The main fp-facilitator program is a backend server that is essentially
a dynamic database of client addresses, as well as helper programs that
receive client registrations from the Internet over various means and
pass them to the backend. There are three supported helper rendezvous
methods: HTTP, email, and appspot.

fp-reg-decrypt is a simple program that forwards its standard input to
a local fp-reg-decryptd process. It is used by other components as a
utility, but is also useful for debugging and testing.

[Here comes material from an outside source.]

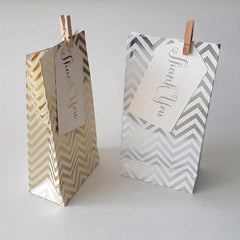 6pcs Paper Gift Bags Hard Card Paper Bags Gift Bags Candy Bags Disposable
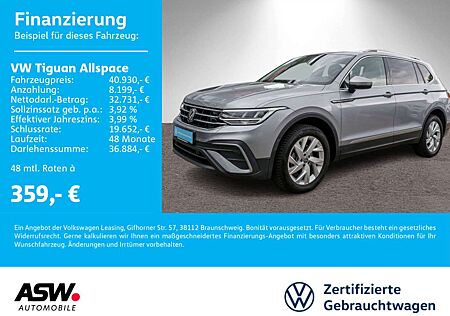 VW Tiguan Allspace Volkswagen Life 2,0TDI DSG NAVI AHK 7Sitzer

fp-reg-decryptd accepts connections containing encrypted client
registrations and forwards them to the facilitator. It exists as a
process of its own so that only one program requires access to the
facilitator's private key.

The HTTP rendezvous uses an HTTP server and a CGI program. The HTTP
server is responsible for speaking TLS and invoking the CGI program.
The CGI program receives client registrations and proxy requests for
clients, parses them, and forwards them to the backend. We use Apache 2
as the HTTP server. The CGI script is fp-registrar.cgi. Currently this
is also the only method for accepting browser proxy registrations, so
you must enable this method, otherwise your clients will not be served.

For the HTTP rendezvous, there are two formats you may use for a client
registration - plain vs. (end-to-end) encrypted. Direct registrations
(e.g. flashproxy-reg-http) can use the plain format over HTTPS, which
provides transport encryption; but if you proxy registrations through
another service (e.g. reg-appspot), you must use the end-to-end format.
On the client side, you may use flashproxy-reg-url to generate
registration URLs for the end-to-end encrypted format.

The email rendezvous uses the helper program fp-registrar-email.
Clients use the flashproxy-reg-email program to send an encrypted
message to a Gmail address. The poller constantly checks for new
messages and forwards them to fp-reg-decrypt.

The appspot rendezvous uses Google's appengine platform as a proxy for
the HTTP method, either yours or that of another facilitator. It takes
advantage of the fact that a censor cannot distinguish between a TLS
connection to appspot.com or google.com, since the IPs are the same,
and it is highly unlikely that anyone will try to block the latter.